**PROVIDED INFORMATION**
== == ==

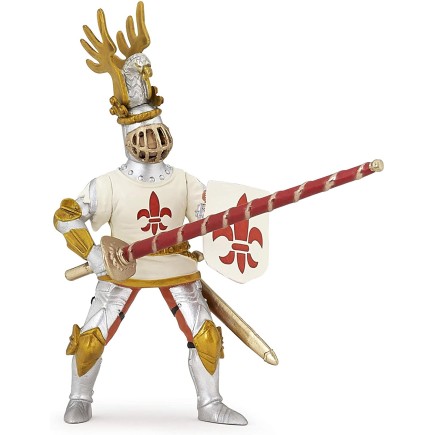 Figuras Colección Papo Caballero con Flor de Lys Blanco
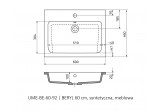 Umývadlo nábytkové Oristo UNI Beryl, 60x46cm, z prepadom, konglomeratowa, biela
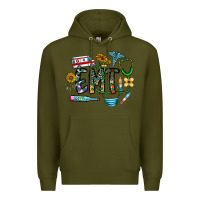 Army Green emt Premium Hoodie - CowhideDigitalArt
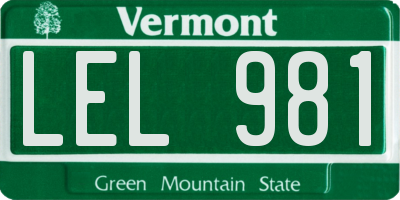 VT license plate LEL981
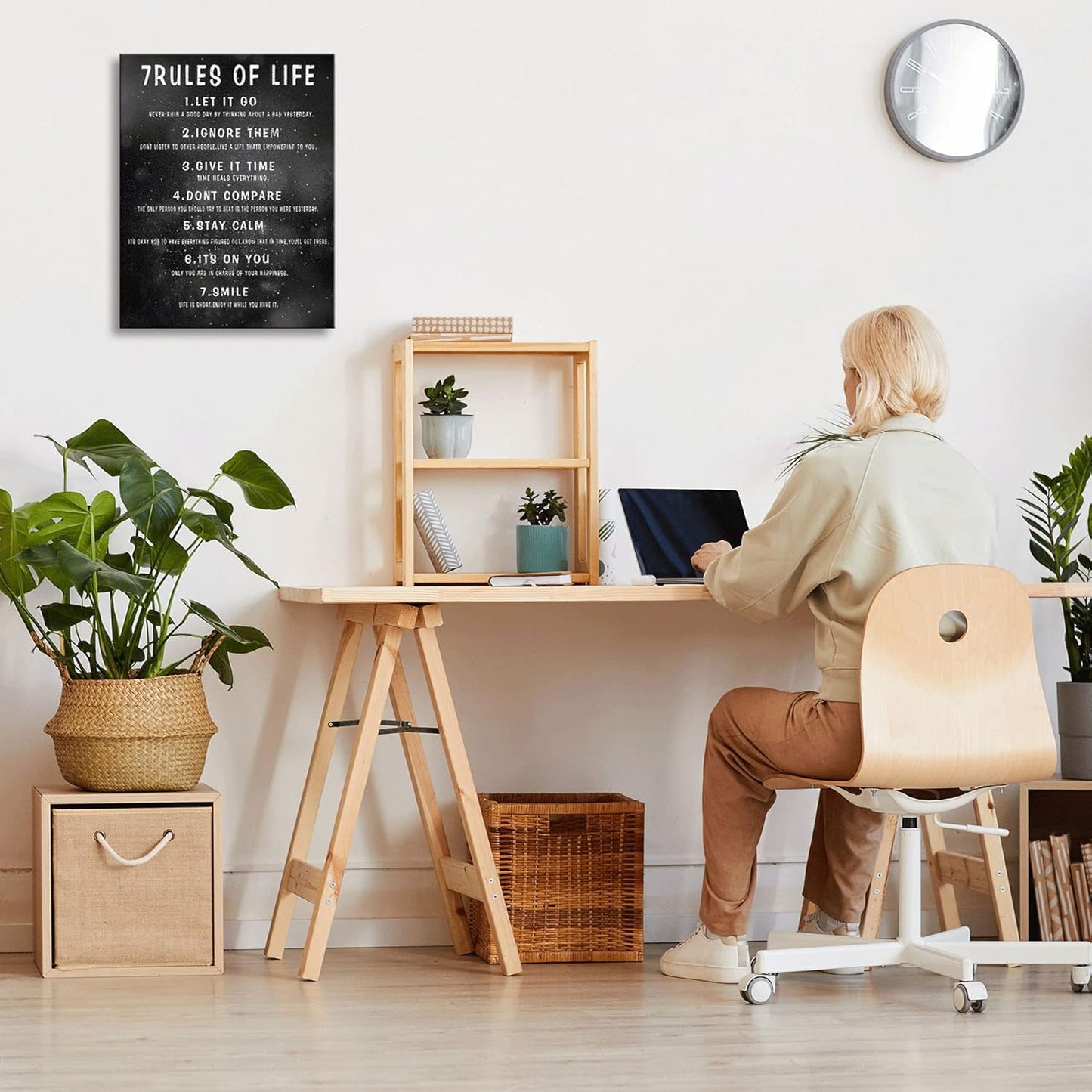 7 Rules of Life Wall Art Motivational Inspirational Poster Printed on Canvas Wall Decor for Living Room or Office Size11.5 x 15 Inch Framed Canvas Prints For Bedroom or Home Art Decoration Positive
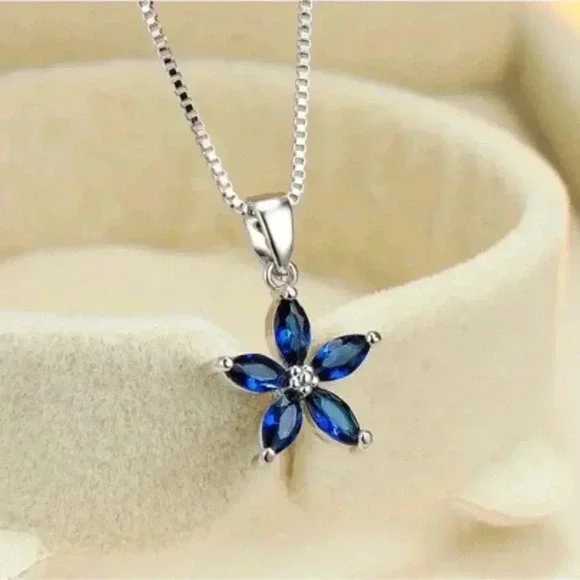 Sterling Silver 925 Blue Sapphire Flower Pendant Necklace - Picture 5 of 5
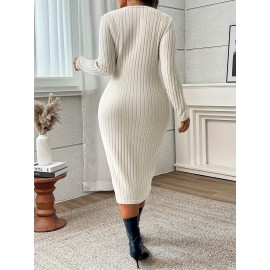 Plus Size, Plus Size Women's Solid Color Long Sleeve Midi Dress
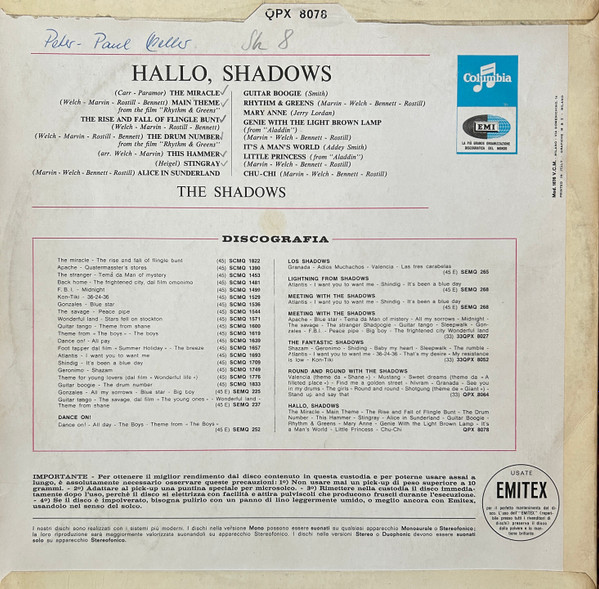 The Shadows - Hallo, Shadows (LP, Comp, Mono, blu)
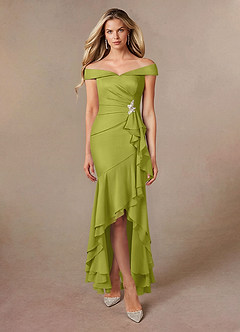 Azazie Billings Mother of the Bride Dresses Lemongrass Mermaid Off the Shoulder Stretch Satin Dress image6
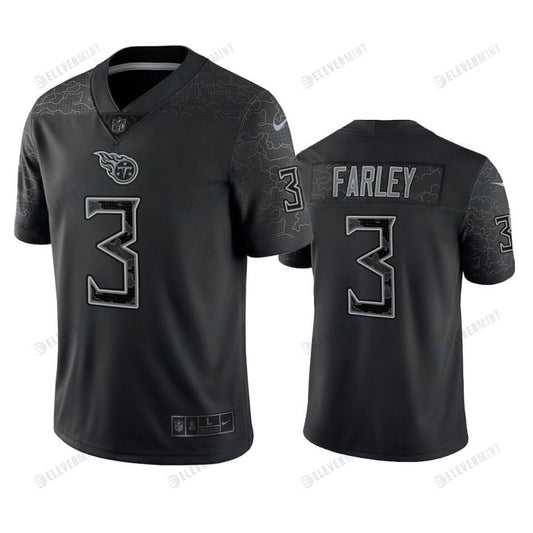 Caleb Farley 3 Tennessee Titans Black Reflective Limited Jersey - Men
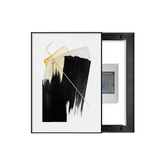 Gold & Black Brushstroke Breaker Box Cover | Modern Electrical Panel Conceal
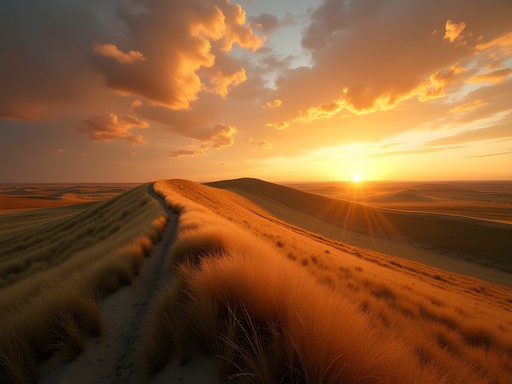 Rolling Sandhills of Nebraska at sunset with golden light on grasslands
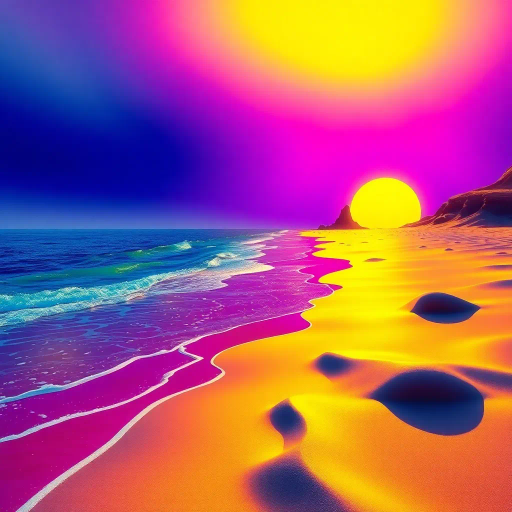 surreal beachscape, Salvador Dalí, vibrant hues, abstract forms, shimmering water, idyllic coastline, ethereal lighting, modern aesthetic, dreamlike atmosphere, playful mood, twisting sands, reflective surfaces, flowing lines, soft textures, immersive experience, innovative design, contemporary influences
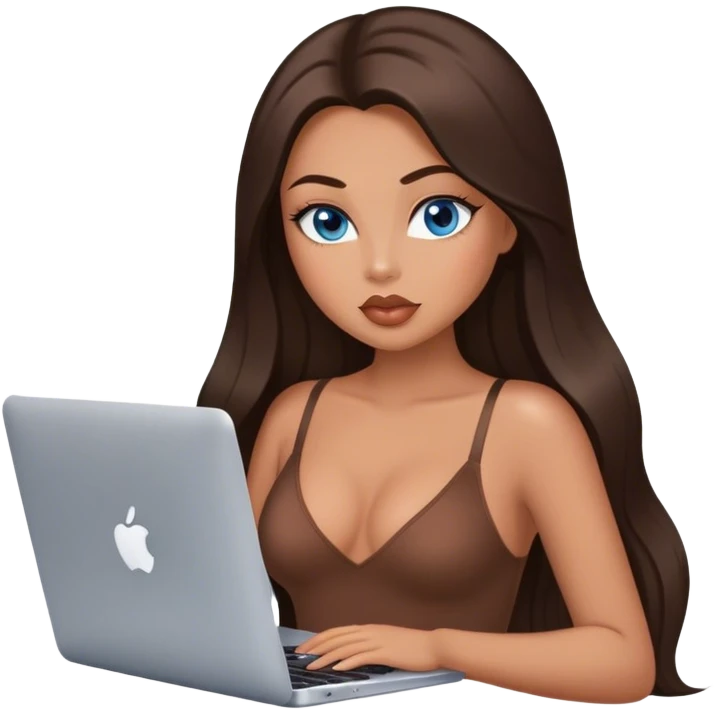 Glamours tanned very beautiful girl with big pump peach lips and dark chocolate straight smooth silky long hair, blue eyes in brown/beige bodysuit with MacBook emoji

== == ==

**PROBLEM DESCRIPTION**
Restate the material above exactly. Exclude all pictures.

**OUTPUT BELOW**
 Figuras Colección Papo Caballero con Flor de Lys Blanco
 Umývadlo nábytkové Oristo UNI Beryl, 60x46cm, z prepadom, konglomeratowa, biela
 Army Green emt Premium Hoodie - CowhideDigitalArt
 VT license plate LEL981
 7 Rules of Life Wall Art Motivational Inspirational Poster Printed on Canvas Wall Decor for Living Room or Office Size11.5 x 15 Inch Framed Canvas Prints For Bedroom or Home Art Decoration Positive
 Sterling Silver 925 Blue Sapphire Flower Pendant Necklace - Picture 5 of 5
 Plus Size, Plus Size Women's Solid Color Long Sleeve Midi Dress
 The Shadows - Hallo, Shadows (LP, Comp, Mono, blu)
 Azazie Billings Mother of the Bride Dresses Lemongrass Mermaid Off the Shoulder Stretch Satin Dress image6
 Caleb Farley 3 Tennessee Titans Black Reflective Limited Jersey - Men
 Gold & Black Brushstroke Breaker Box Cover | Modern Electrical Panel Conceal
 Rolling Sandhills of Nebraska at sunset with golden light on grasslands
 surreal beachscape, Salvador Dalí, vibrant hues, abstract forms, shimmering water, idyllic coastline, ethereal lighting, modern aesthetic, dreamlike atmosphere, playful mood, twisting sands, reflective surfaces, flowing lines, soft textures, immersive experience, innovative design, contemporary influences
 Glamours tanned very beautiful girl with big pump peach lips and dark chocolate straight smooth silky long hair, blue eyes in brown/beige bodysuit with MacBook emoji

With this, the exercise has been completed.